Sayın Bahçeli, düğün değil, bayram değil; eniştem beni niye öptü misali bir laf etti: Apo gelsin, DEM grup toplantısında “Örgütü kapattım” desin, dedi.
Kıyamet koptu.
Milliyetçiler bağırdı çağırdı.
Şehit aileleri seslerini yükseltti.
Toplumun gözünde, birçok nedenle değer kaybetmiş Bahçeli, değer kazandı.
Giderek öğrendik ki planlanmış, ince ince hesabı yapılmış bbir projenin ilk adımıymış Bahçeli’nin çıkışı. Proje, adım adım gelişiyor, izliyoruz.
Ana muhalefet partisi, konuya yanlış yaklaştı.
Güya muhalefetin lideri ya; her şeye muhalefet edecek ya, “Kime sordunuz?” dedi.
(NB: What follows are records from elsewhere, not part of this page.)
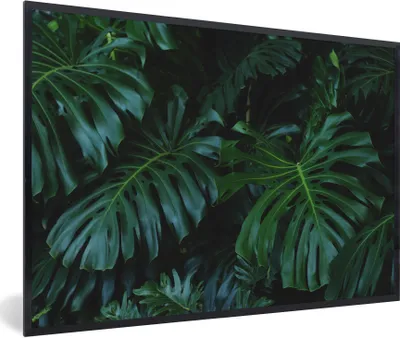 Produktbild von MuchoWow® Gerahmtes Poster Dschungel - Laub - Grün 90x60 cm - Poster mit Schwarzem Bilderrahmen Wandposter Rahmen Foto Bilder - Fotorahmen - Foto-Plakat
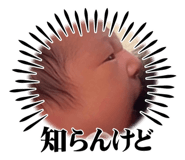730742028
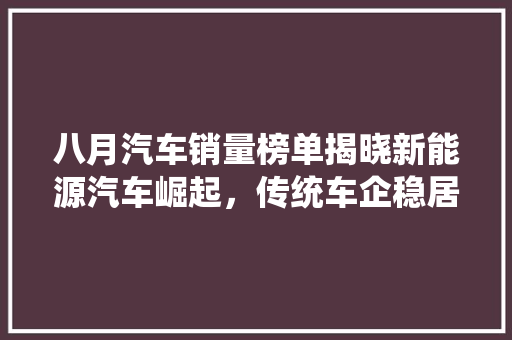 八月汽车销量榜单揭晓新能源汽车崛起，传统车企稳居前列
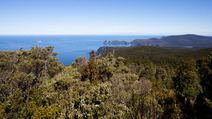 Album / Australia / Tasmania / Tasman Coastal Trail / Tatnells Hill 4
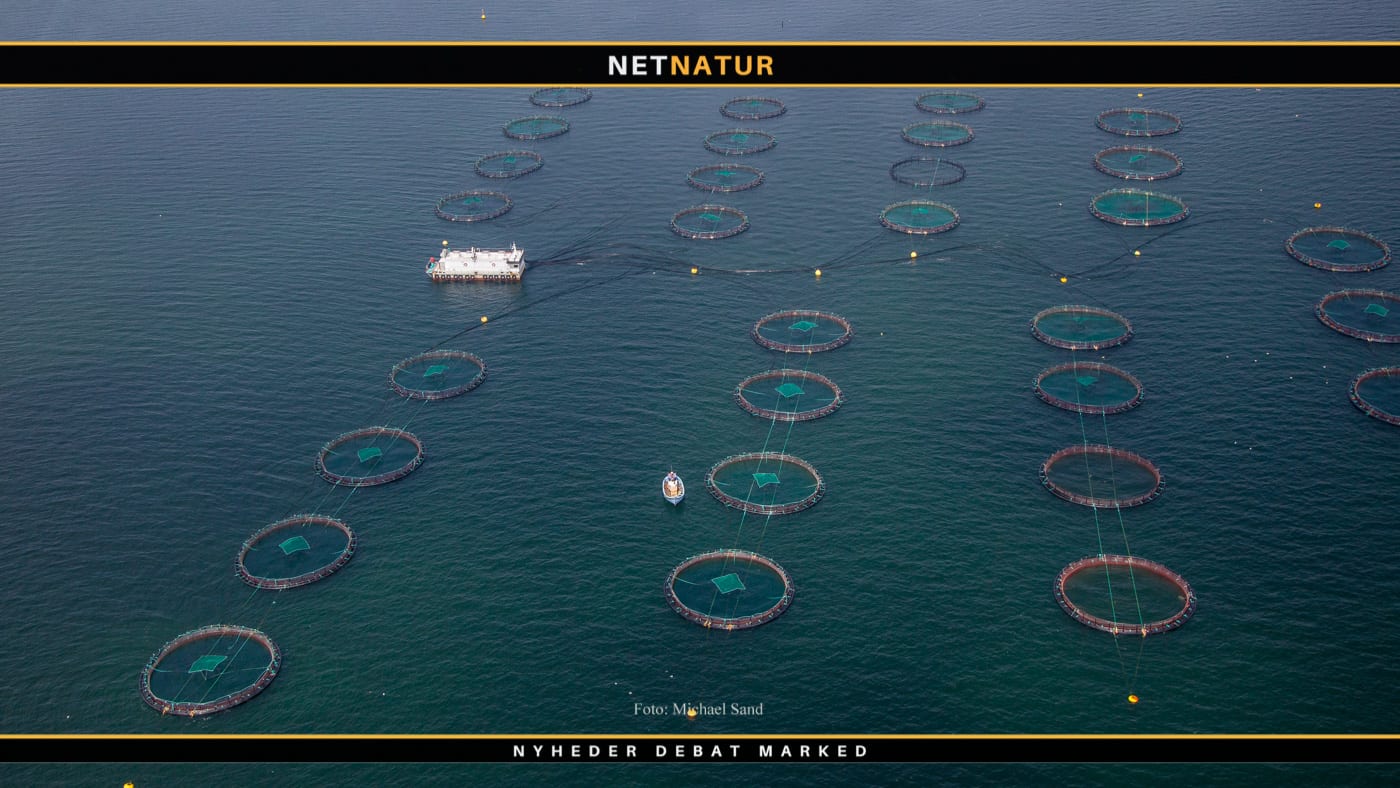 Minister kræver fuldstændigt overblik over havbrug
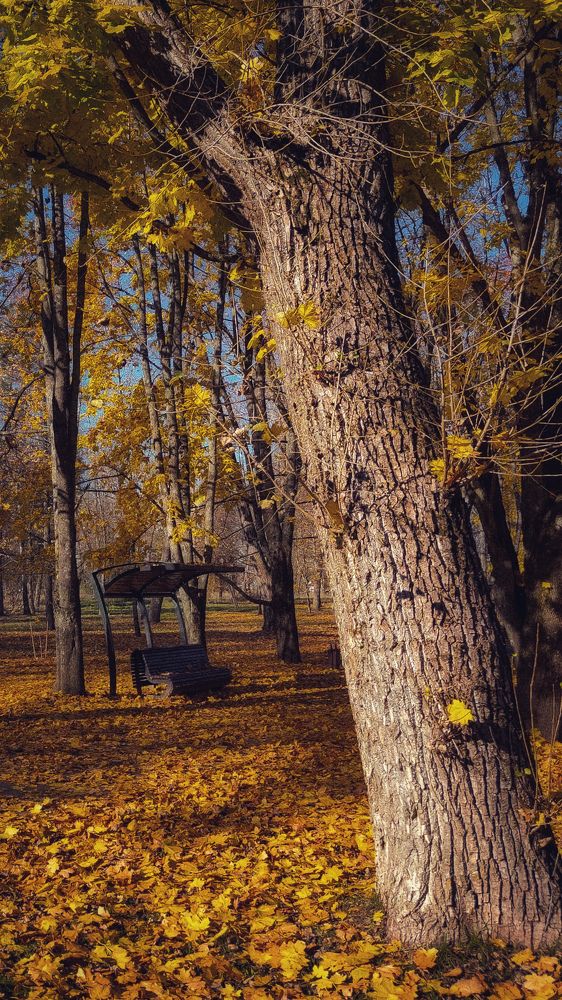 Photograph by Евгения Гродинская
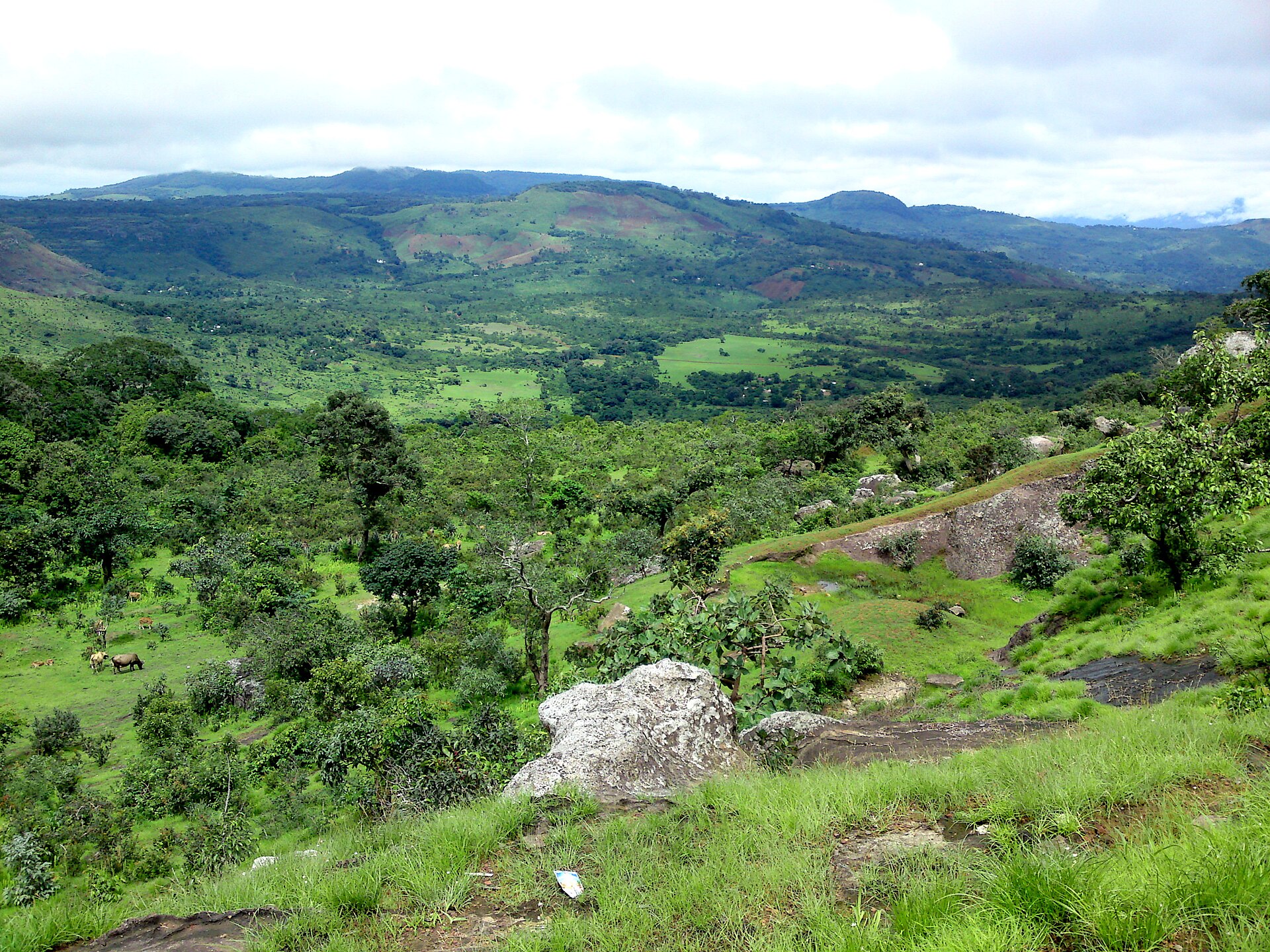 The Fouta Djallon highlands in central Guinea, the source of several of West Africa's great rivers. Credit: Maarten van der Bent (CC BY-SA 2.0).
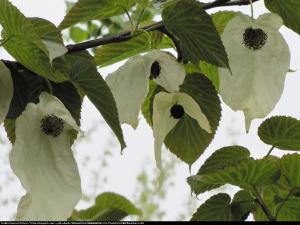 Dawidia chińska Columnar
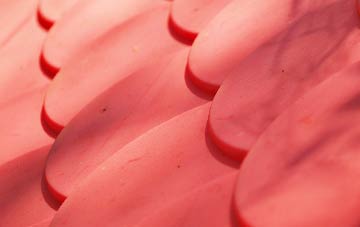 Runshaw Moor plastic roof costs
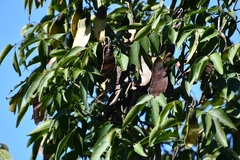 Lonchocarpus sumiderensis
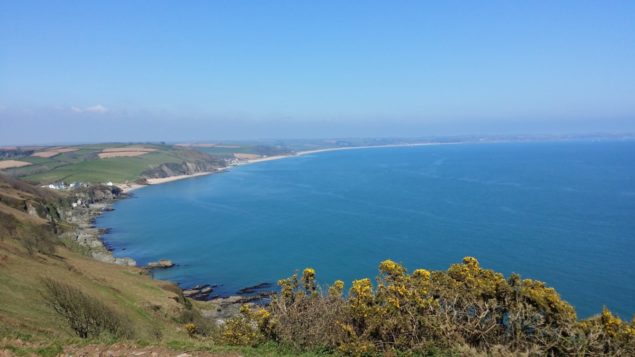 Coastline South Devon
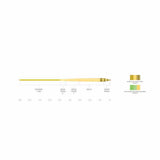 Scientific Anglers Amplitude Smooth Infinity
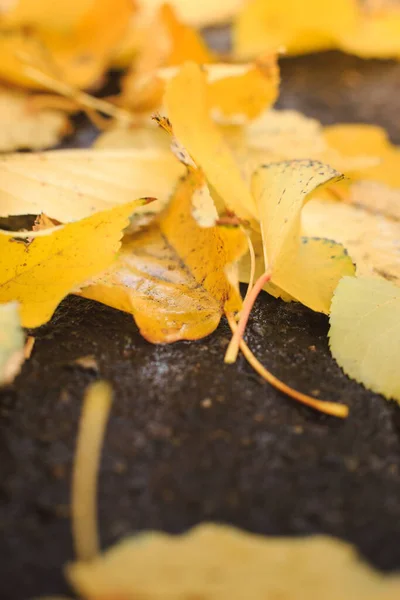 Folhas Amarelas Caídas Estão Estrada Depois Chuva Folhas Molhadas Outono — Fotografia de Stock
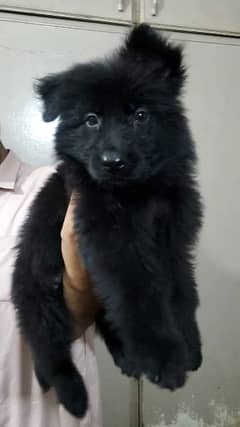 Black GSD Male Pup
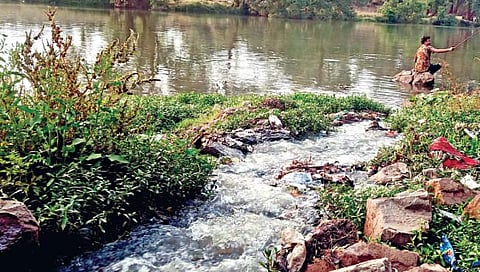 कोल्हापूर : पंचगंगा प्रदूषणात नाल्यांचा मोठा हातभार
Çözüm sürecindeki hataları dile getirdi.
Bir sosyal demokrat parti olduklarını unuttu; ülkenin en kronik ve en yaşamsal sorununun çözümü için yapılan öneriye - realist ve doğru bir öneri olmasa bile- karşı durmamalı, eleştirilecek yanları varsa onları dile getirmeli; ama çözümden yana olduklarını güçlü bir dille söylemeliydi.
Bu güne kadar gidişattan anlaşılıyor ki Bahçeli’nin önerisi Kürt sorununu çözmez. Ancak bir adımdır. Bu adımın hangi amaçla atıldığı açıkça bellidir. Sosyal Demokrat parti kimliği ile sizin göreviniz bunu ifşa edip Cumhur İttifakının tavrını fırsata dönüştürerek bu sorunun çözülmesi gerektiğini, Apo’nun gelmesinin sorun olmadığını; fakat doğru yaklaşımın Kürt halkının temsilcileri ile müzakere ederek konuyu meclise getirmek, sorunun da orada çözülebileceğini söylemek olmalıydı.
Asıl amaç ise,
KÜRT SORUNUNU ÇÖZEREK YURTTA BARIŞI VE KARDEŞLİK ORTAMINI SAĞLAMAK OLMALIDIR.